Richard Flax, Chief Investment Officer at Moneyfarm, comments: “The UK economy has stagnated in Q3, and while this may be underwhelming, it is slightly better than the negative 0.1 contraction anticipated by economists. While the GDP is estimated to have increased by 0.6% in Q3 compared to the same time last year, Q3 has been the worst performing quarter this year. While the economy continues to avoid a recession, according to the Bank of England’s forecasts, the UK economy will likely see no growth until 2025. With interest rates currently at 5.25% and projected to remain at an elevated level for the foreseeable future, we can expect a subdued picture across all parts of the economy.
“Today’s data also draws a stark comparison with the US. While the UK economy is stagnant, the US economy continues to show a robust expansion, at nearly 5% growth in Q3 and so far defying expectations of an impending recession.”

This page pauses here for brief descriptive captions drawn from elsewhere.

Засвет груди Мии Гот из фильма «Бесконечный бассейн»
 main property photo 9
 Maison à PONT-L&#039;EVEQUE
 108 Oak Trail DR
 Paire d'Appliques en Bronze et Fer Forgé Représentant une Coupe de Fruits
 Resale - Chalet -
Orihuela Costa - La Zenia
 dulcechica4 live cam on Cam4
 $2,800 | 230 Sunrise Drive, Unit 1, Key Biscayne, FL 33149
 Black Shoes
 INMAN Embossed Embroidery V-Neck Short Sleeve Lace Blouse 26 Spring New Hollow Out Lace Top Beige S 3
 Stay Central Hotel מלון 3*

Rob Morgan, Chief Investment Analyst at Charles Stanley, comments: “Having eked out quarterly growth of 0.3% and 0.2% during the first and second quarters of 2023, the UK economy stagnated in the third quarter, proving a little more resilient than expected, flatlining rather than falling, as inclement weather in July and August dampened activity. Consumer spending has so far been held up by lower fuel prices alongside low unemployment levels and strong wage growth, though these factors may not be enough to stave off tighter financial conditions and recessionary pressures in coming months.
“The full impact of previous interest rate increases is yet to be felt by some households and businesses that secured their debt in a much lower rate environment. Monetary policy has therefore had a significantly lagged effect on the economy as fixed rate mortgages and loans run to their terms. As earlier turnings of the interest rate screw show up more clearly in economic data, we can expect the picture to weaken further as interest rates remain in restrictive territory to ensure inflationary pressures are vanquished.
“Today’s data will be influential in the Bank of England December’s monetary policy outlook, and it most likely means a holding pattern for interest rates. While economic cracks are appearing, overall activity is holding up reasonably well, which means inflationary pressures may not abate quite as quickly as the BoE would like. The numbers aren’t strong enough to bring a further rate rise from the current 5.25% into play, but it will temper calls for earlier cuts a little too.”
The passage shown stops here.